The findings of this study have some important policy implications for improving carbon emissions efficiency and promoting the balance of regional carbon emissions. First of all, the governments should implement differentiated schemes based on the actual situation of each region when formulating carbon emissions reduction policies. For example, the coast regions, as economic leading and industrial transfer out regions, have high degree of industrialization and economic development and strong demand for industrial upgrading and environmental improvement. Therefore, the governments in these regions should strengthen the current governance and intervention means to formulate more stringent carbon emissions reduction standards and promote the optimization of industrial structure and industrial carbon emissions.
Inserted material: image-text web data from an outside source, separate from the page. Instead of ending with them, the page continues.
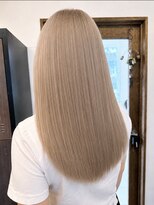 シールドヘアー 沖縄 新都心(C'LD Hair) ホワイトベージュ/那覇美容室/おもろまち美容室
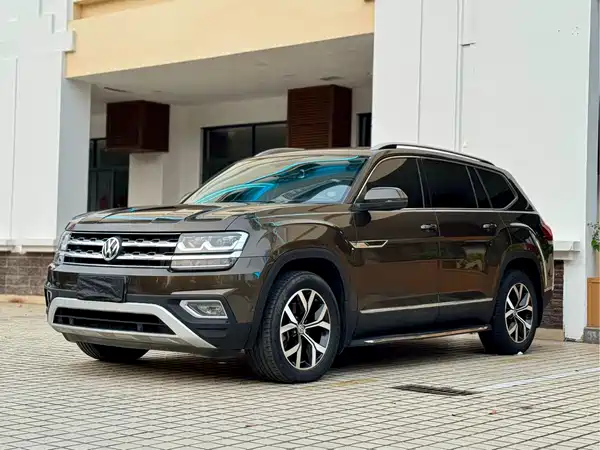 Volkswagen Teramont 2017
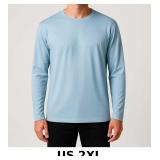 Light Blue Long Sleeve Shirt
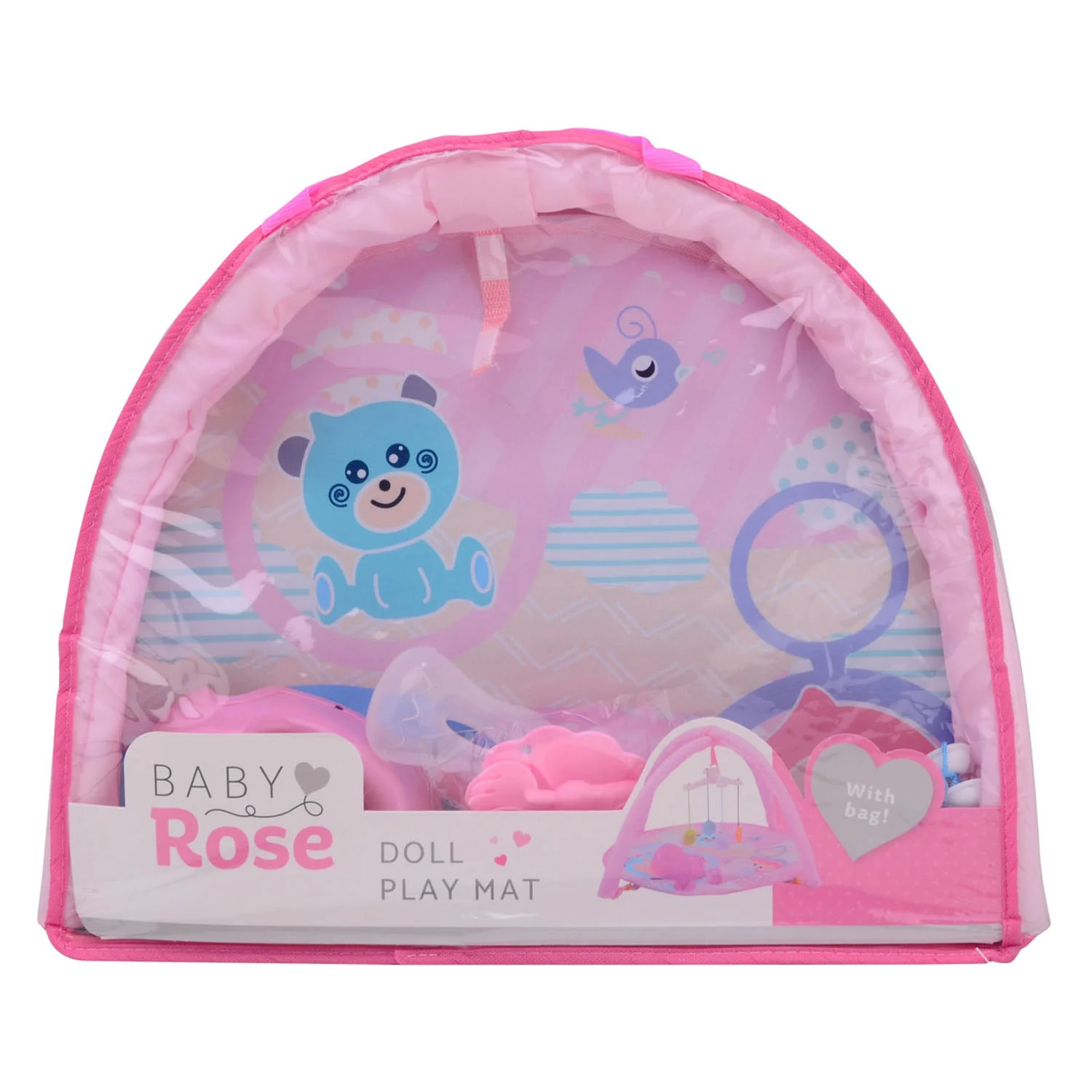 Baby Rose Aktiviteettimatto Nukelle - Image 2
Nevertheless, the economic zones located in the center and west (such as middle Yellow River region) have relatively low level of economic development, and they are also the main areas for undertaking industrial transfer. They thus bear the dual pressures of economic development and environmental improvement. The governments in these regions should play better roles in supervision and guidance, and take into account the obligation of carbon emissions reduction when pursuing economic growth. For example, formulating scientific industrial development plans based on regional characteristics and functional positioning, and effectively screening the transferred industries through reasonable guidance and intervention may avoid the possible negative effects of industrial transfer on environmental pollution in the process of economic development.
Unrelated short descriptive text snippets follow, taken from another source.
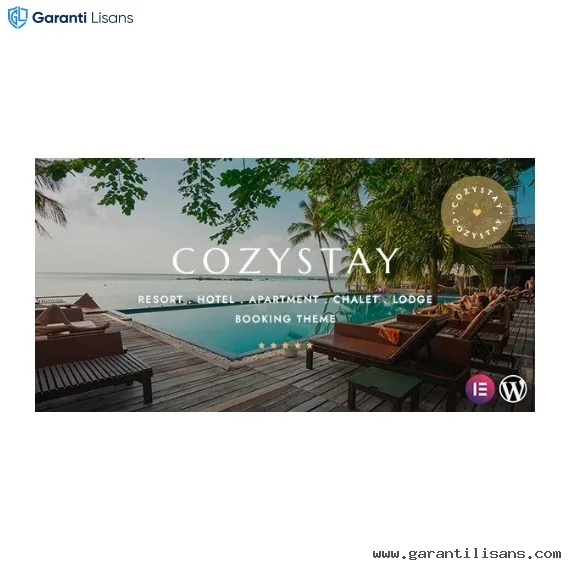 CozyStay – Hotel Booking WordPress Theme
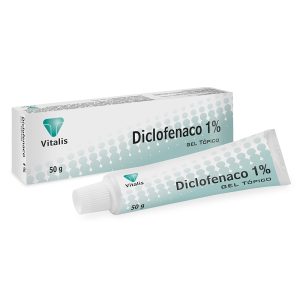 DICLORENGEL 1% TX 50GR (DICLOFENACO)(VITALIS)(2+1)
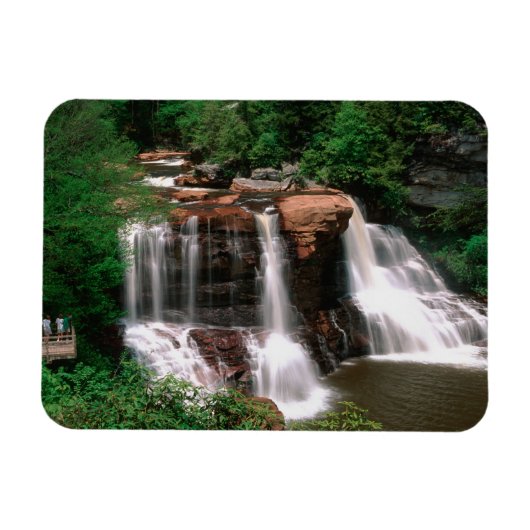 Blackwater Falls, West Virginia, landschaftlich, Magnet (Horizontal)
Second, the interregional integration policies for carbon emissions reduction should be made by central government to enhance the CEEIE. Most importantly, it is necessary to establish an effective interregional cooperative mechanism to draw up a long-range carbon emissions reduction plan. For example, it is practicable to establish an integrated management organization for interregional environmental management, or establish an interregional environmental protection organization. The agency should formulate a clear action plan for interregional integration of carbon emissions reduction policy, which is not only a comprehensive plan, but must be implemented into environmental protection policy of each province in different regions.
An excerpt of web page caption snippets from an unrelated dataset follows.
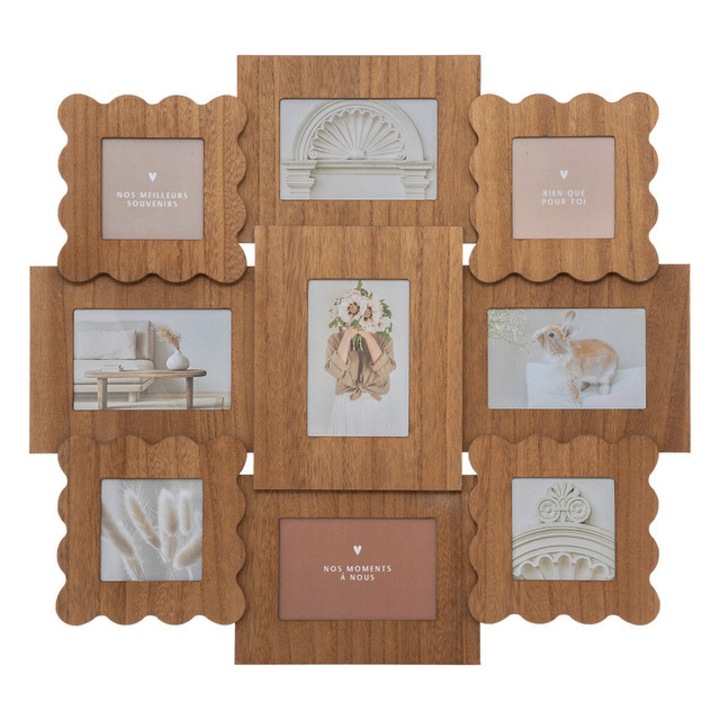 Rama foto BRIANA, pentru 9 fotografii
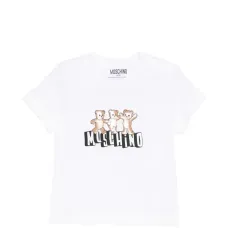 Футболка с принтом "Тедди"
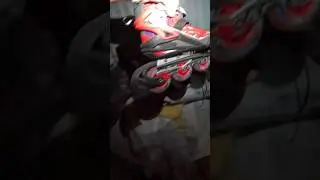 ШТРЭБУХ нашёл роликовые коньки на помойке
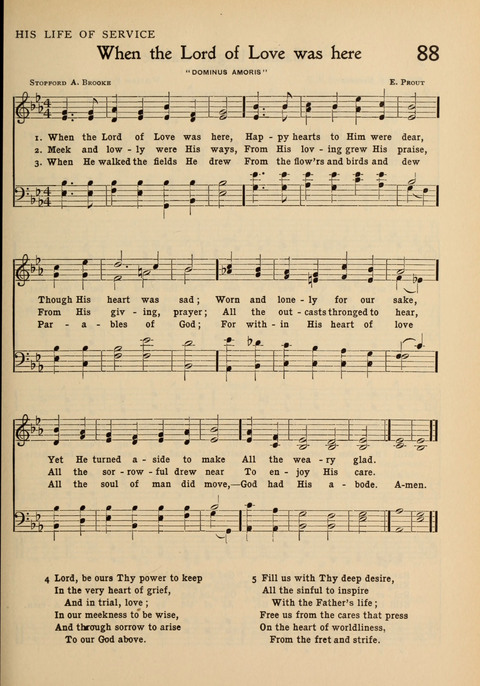 Hymns of Worship and Service: for the Sunday School page 77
Third, the provinces in China should regularly share energy saving and emissions reduction technology and exchange the carbon emissions reduction policies. Green technology innovation activities are mainly concentrated in the developed regions of China, in which there are better capitals and technology endowment advantages. Therefore, the realization of high-efficiency carbon emissions reduction depends on the deep integration of technical endowment between the developed regions and the underdeveloped regions. The conventional sharing of the experiences of carbon emissions reduction can make green technologies spread rapidly, which should give fully positive role for spillover effects of science and technology of industrial carbon emissions reduction.